**Work task:** Quote exactly the lines from the one with "Apple İpad 9.7" to the end of the data, both included; omit the pictures.

**Stored dataset items:**
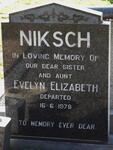 NIKSCH Evelyn Elizabeth 1906-1978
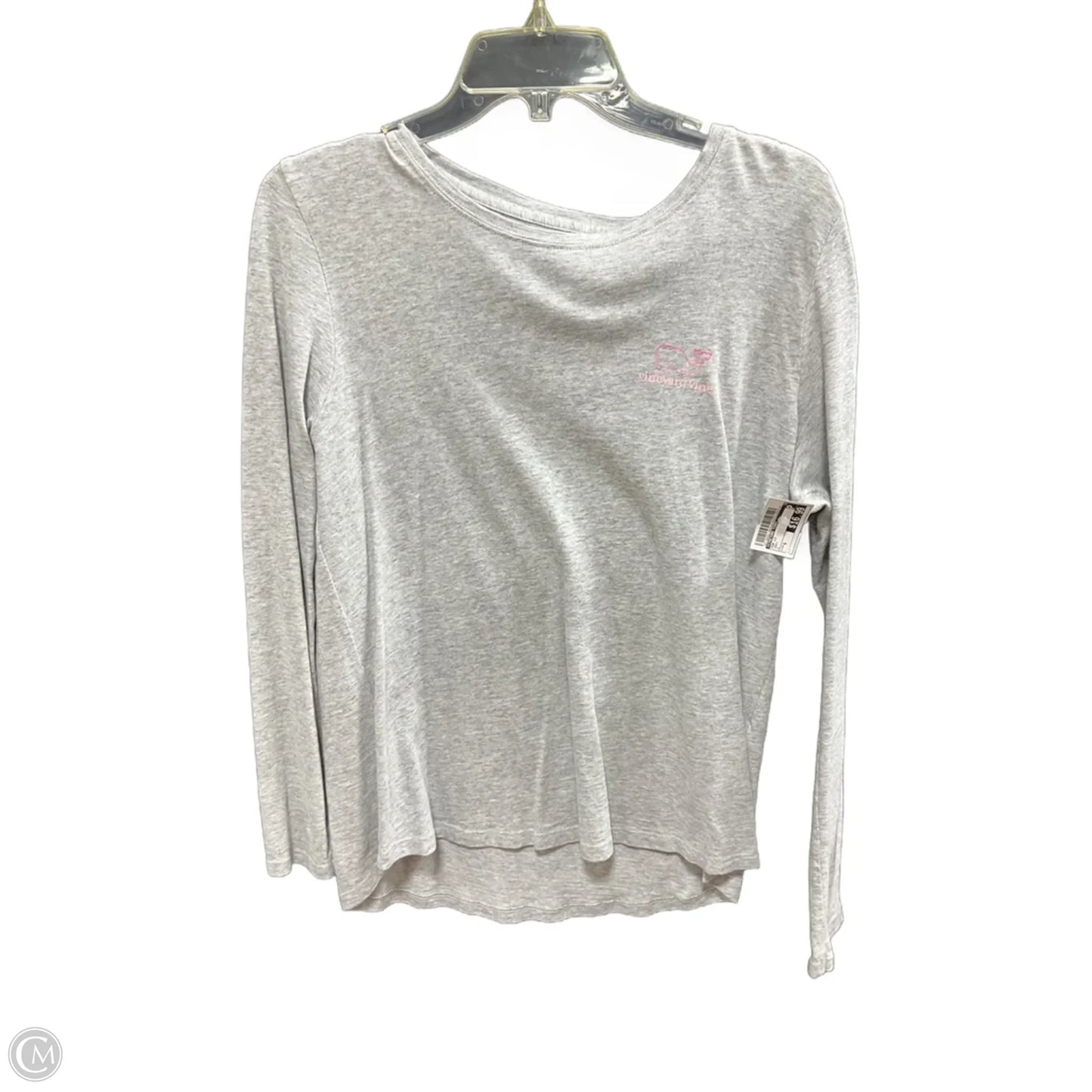 Top Long Sleeve By Vineyard Vines In Grey, Size: S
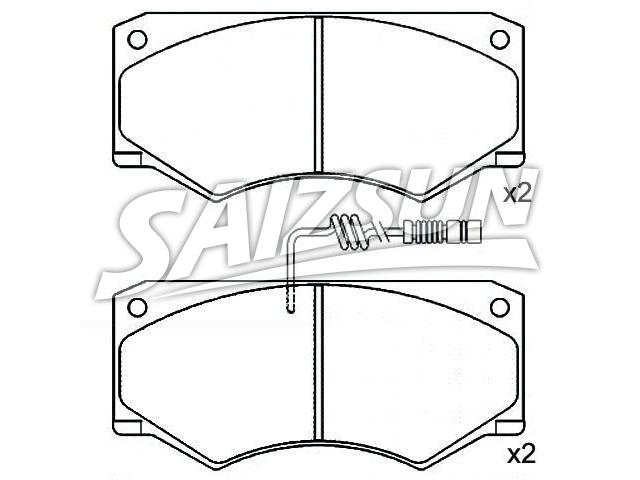 Brake Pad Set:601 420 76 20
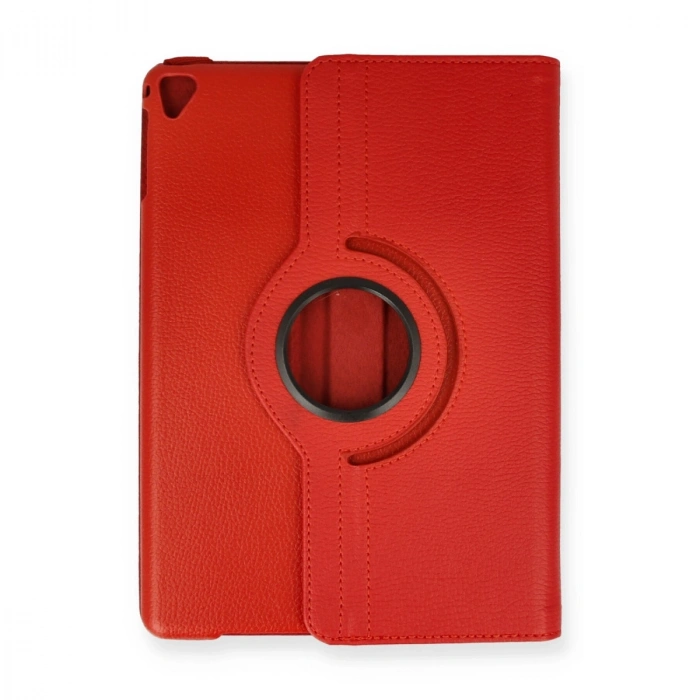 Apple İpad 9.7 (2018) Kılıf 360 Tablet Deri Kılıf - Kırmızı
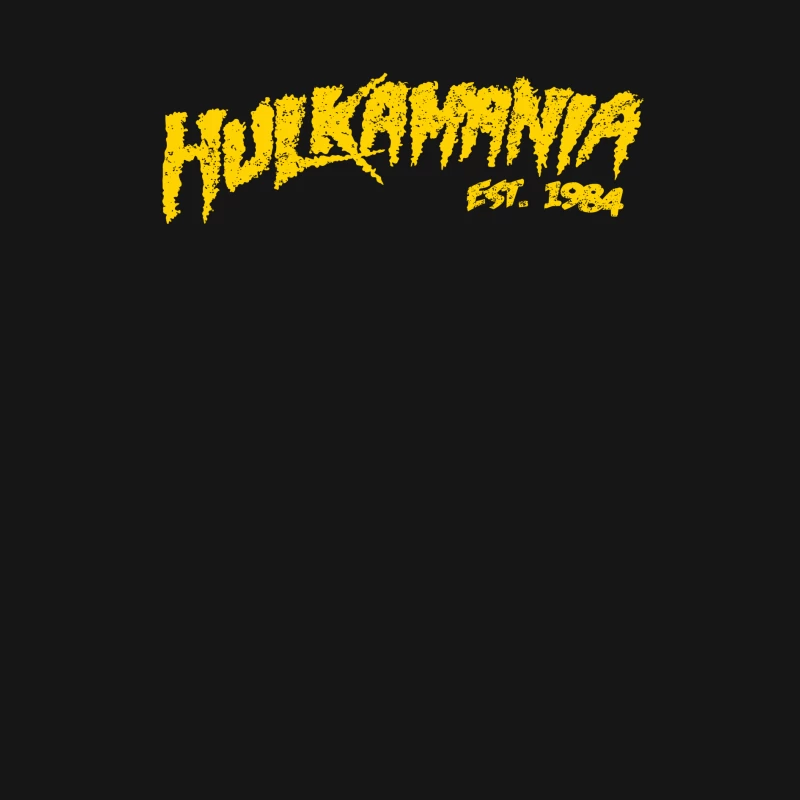 Hulkamania: Iconic Wrestling Logo from 1984 Female Long Sleeve T-Shirt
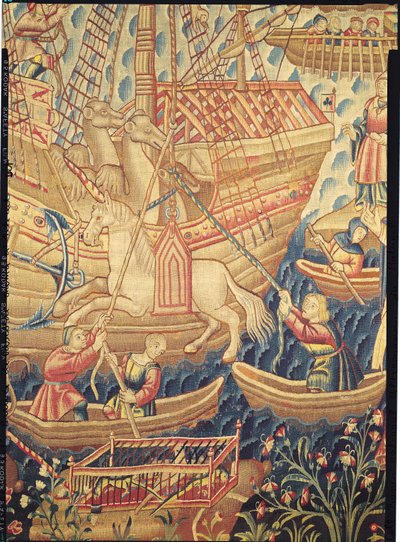 La llegada de Vasco de Gama de Flemish School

**Answer to this exercise:**
 Apple İpad 9.7 (2018) Kılıf 360 Tablet Deri Kılıf - Kırmızı
 Hulkamania: Iconic Wrestling Logo from 1984 Female Long Sleeve T-Shirt
 La llegada de Vasco de Gama de Flemish School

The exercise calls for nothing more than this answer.